Intuition: The expected value is the "center of mass" or weighted average of all possible values, weighted by their probabilities.

Expected Value of a Function

For a function $g(X)$ :

Discrete case:

$E[g(X)] = \sum_{x} g(x) \cdot P(X = x)$

Continuous case:

$E[g(X)] = \int_{-\infty}^{\infty} g(x) \cdot f(x) \, dx$

Key insight: You don't need to find the distribution of $g(X)$ first—just apply $g$ to the values and weight by the original probabilities.

Properties of Expectation

Constant: $E[c] = c$ for any constant $c$
Scaling: $E[aX] = a \cdot E[X]$ for any constant $a$
Addition: $E[X + Y] = E[X] + E[Y]$ (always true, even if X and Y are dependent)
Non-negativity: If $X \geq 0$ , then $E[X] \geq 0$
Monotonicity: If $X \leq Y$ , then $E[X] \leq E[Y]$

Essential Identities and Formulas

Linearity of Expectation

Key Formula:

$E[aX + bY + c] = a \cdot E[X] + b \cdot E[Y] + c$

General form: For any constants $a_1, ..., a_n$ and random variables $X_1, ..., X_n$ :

$E\left[\sum_{i=1}^{n} a_i X_i\right] = \sum_{i=1}^{n} a_i E[X_i]$

Critical insight: This holds regardless of whether the random variables are independent or dependent.
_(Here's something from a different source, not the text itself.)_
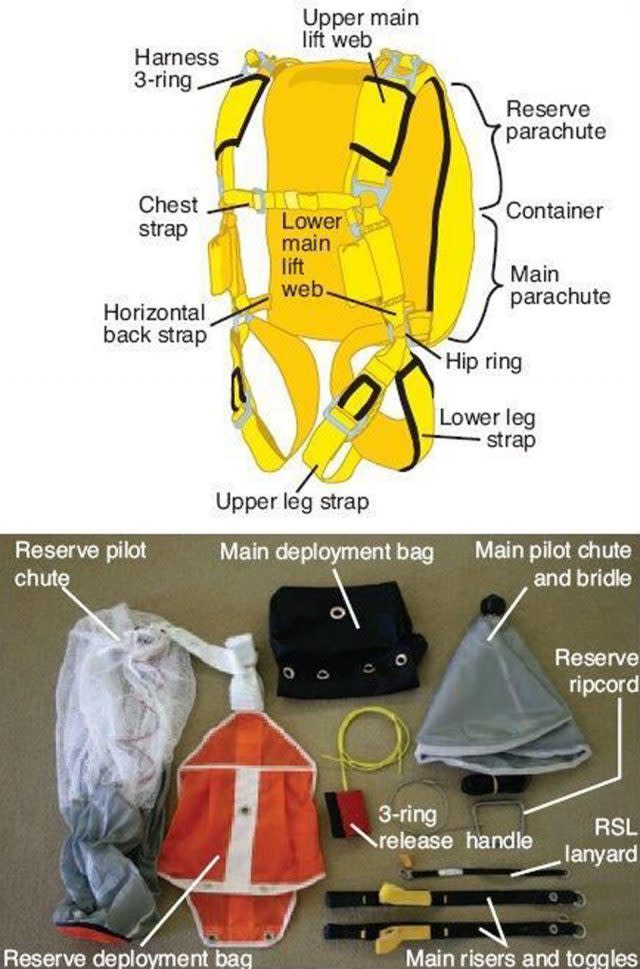 The different parts of a parachute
This is one of the most powerful tools in probability.

Law of the Unconscious Statistician (LOTUS)

For a function $g(X)$ , you can compute $E[g(X)]$ directly from the distribution of X without finding the distribution of $g(X)$ :

Discrete:

$E[g(X)] = \sum_{x} g(x) \cdot p_X(x)$

Continuous:

$E[g(X)] = \int_{-\infty}^{\infty} g(x) \cdot f_X(x) \, dx$

Why it's useful: Saves the effort of deriving the distribution of transformed variables.

Expected Value for Independent Variables

If X and Y are independent:

$E[XY] = E[X] \cdot E[Y]$

Warning: This does NOT hold if X and Y are dependent. Independence is required.

General form: For independent $X_1, ..., X_n$ :

$E\left[\prod_{i=1}^{n} X_i\right] = \prod_{i=1}^{n} E[X_i]$

Law of Iterated Expectations (Tower Property)

$E[X] = E[E[X|Y]]$

Intuition: The expectation of X equals the expectation of the conditional expectation of X given Y.

Discrete form:

$E[X] = \sum_{y} E[X|Y=y] \cdot P(Y=y)$

Continuous form:

$E[X] = \int_{-\infty}^{\infty} E[X|Y=y] \cdot f_Y(y) \, dy$

When to use: When it's easier to compute conditional expectations than the overall expectation.

Wald's Equation

If $X_1, X_2, ...$ are i.i.d. with $E[X_i] = \mu$ , and N is a non-negative integer random variable independent of the $X_i$ 's:

$E\left[\sum_{i=1}^{N} X_i\right] = E[N] \cdot E[X_1] = E[N] \cdot \mu$

Intuition: Expected sum over a random number of terms equals the expected number of terms times the expected value per term.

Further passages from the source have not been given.